クルマとバイクとサブカルチャー

今の50代以上のクルマ、バイク好きは、漫画や映画から何かしらの影響を受けていると言っても過言ではない。

いわばサブカルチャーと共に生きて来た世代であり、その文化をメインカルチャーに押し上げた立役者でもある。

自分たち世代にとってクルマやバイクのアインデンティーともいえるサブカルチャーについて振り返ってみたい。

オートサロンという言葉の響き 文・大鶴義丹

オートサロン

 「2023東京オートサロン」に初詣してきた。報道では3日間合計の来場者数は18万人近いという。今回は大手カスタムパーツメーカーがこぞって、新型Zのカスタムデモ車を用意していた。

 オートサロンは、クルマの“カスタムモーターショー”として名を馳せ、いわばサブカルチャーとして発展して来た。しかしここ数年でオートサロンは、メインカルチャーである本家「東京モーターショー」を差し置いて、自動車メーカーの新車発表が行われることが多い。今年は海外展開に意欲を燃やす中国の電気自動車メーカー「BYD」が初めてブースを構えた。海外から訪れるインフルエンサーなどが、ライブ配信を行うことも珍しくない。また、クルマのことなどどうでもいいような、「色気目当て」の来場者が多いのも特徴だ。事実上、世界が認める“日本最大の自動車モーターショー”となり、今ではすっかりメインカルチャーとなってしまった。

 昔話は好きじゃない。自分が二十歳くらいの頃、昔乗っていたクルマやバイクなどを自慢してくるオジサンが大嫌いだった。しかし気がつくとそのオジサンより今の自分の方が年上になっていた。だが、それでも自分が見てきたリアルは語らなければならない。昔話ではなく史実としてだ。

 私が初めてオートサロンへ行ったときのイメージは、今の幕張メッセに充満しているような、ショータイム的な明るいモノではなかった。照明も薄暗く、決して“公の存在”ではなかった。私が初めて足を踏み入れたのは、バブル全盛の平成元年。オートサロンは「東京エキサイティングカーショー」と言われて「晴海会場」で行われていた。「東京オートサロン」に名称を変更したのは1987年の第5回からだったと記憶している。当時は毎年のようにターボ化された国産スポーツカーが登場していた時代だ。それまでは一部のマニアだけで構成されていた「改造車」に、バブルで金の使い道に困った悪いオトナたちが参入し始めた。当時の会場に満ちていた空気感というのは、隆盛を極めていたチューニング業界そのものだった。
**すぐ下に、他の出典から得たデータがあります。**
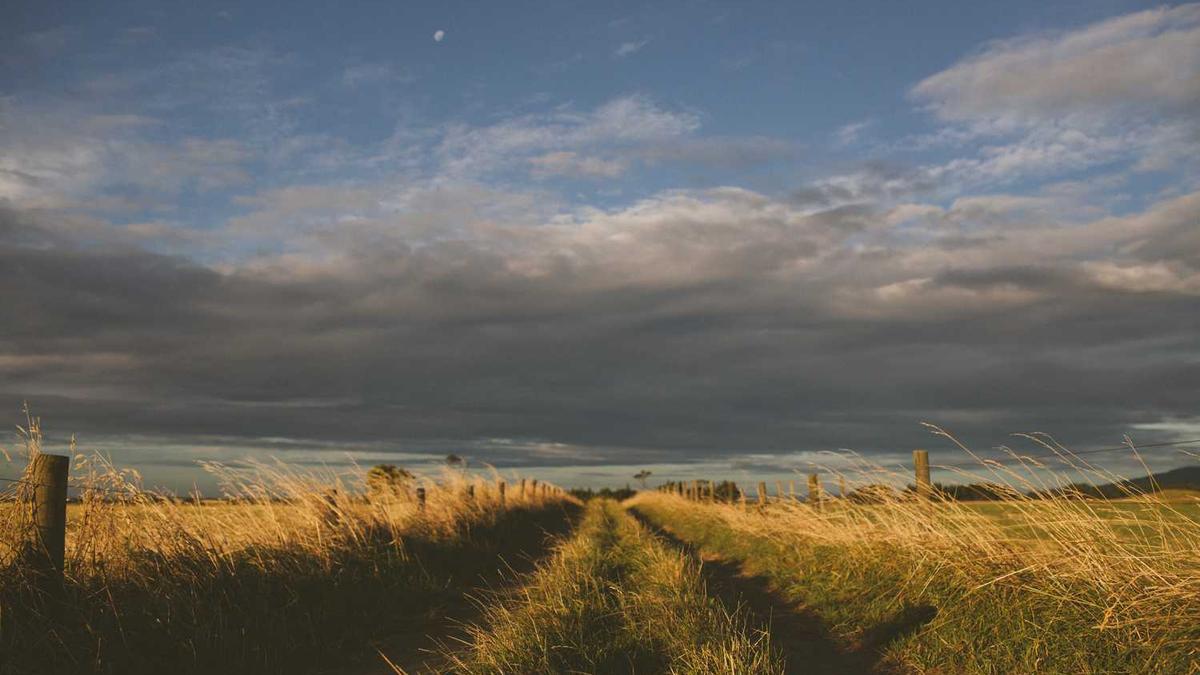 现在比较好用的约会软件有哪些?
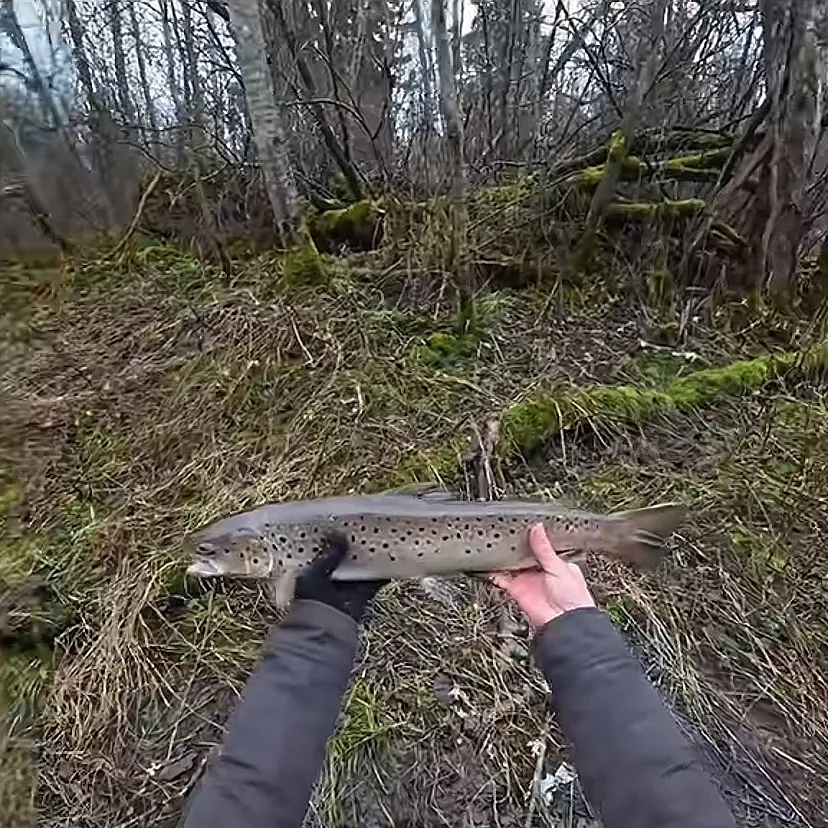 The most recent Sea trout catches on Fishbrain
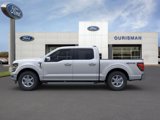 New 2024 Ford F150 XLT w/ Equipment Group 302A MID image 4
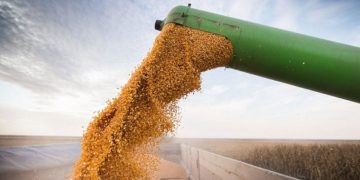 A setiembre se triplicaron las exportaciones de maíz zafra 2025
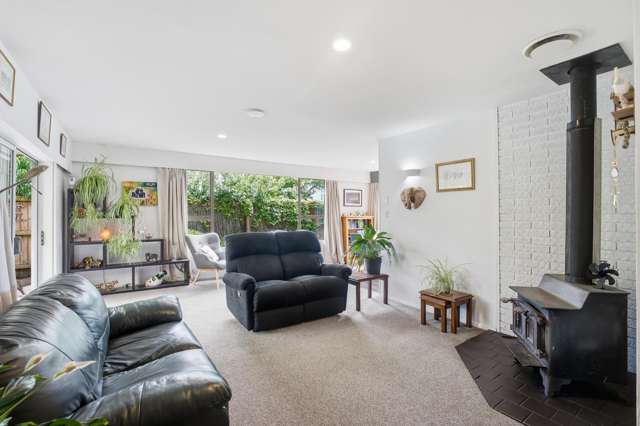 9 Terrace Road Leithfield_2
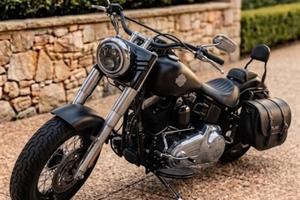 Harley softail slim  (103)  8000 km  DIMOSTRABILI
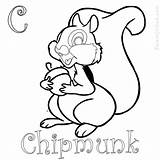Chipmunk sketch template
ルールなき群雄割拠のターボチューンによる大馬力主義が全てだった。各チューニングショップがブースを出しては、うちのクルマは「OPTION」誌の最高速アタックで何キロ出したなど、手書きポップがひしめいていた。とにかく大馬力を出したクルマが一番偉いという分かり易いルールだ。公認改造車という言葉も生まれてはいたが、メーカーが眉をめるような改造車がまだまだ生きていた時代だった。その2年後に、私も自分が所有していた改造車を、某チューニングショップのデモ車として晴海会場に展示することになった。そして、その数年後に、私はクルマを改造することを一切やめた。

オートサロン

 クルマの改造というのは、ロマンで語るのは簡単だが、ある意味で罪深い側面がある。その魅力に魅せられた者の、お金も時間も、家庭生活も奪っていく魔力に満ちている。今の若い人たちには想像もできないだろうが、そこまで自分を追い込んでもクルマを改造するような若者が多かった。

 「何のための500馬力」 自分たちでもその情熱の理由が分かっていなかった。だが多くの仲間が、借金をしてまでクルマの改造に情熱を注いでいた。またそのお金も、エンジンブローによって一瞬で霧散する。大メーカーが作った高性能なエンジンを、素人に毛の生えたような連中が適当にいじって出力を何倍にもするのだから壊れて当たり前だ。二十代前半は、クルマについて色々なことを知り、同時に深く傷ついた数年間だった。また、その渦のなかで、どこかに消えてしまった仲間もいる。

 全ては、今は昔。音と光で演出された華やかな「幕張会場」の中を見回しながら、懐かしい「晴海会場」のことを思い出した。もう忘れてしまおうと思うのだが、「オートサロン」という言葉の響きには、どうしても打ち消せない痛みのようなものがある。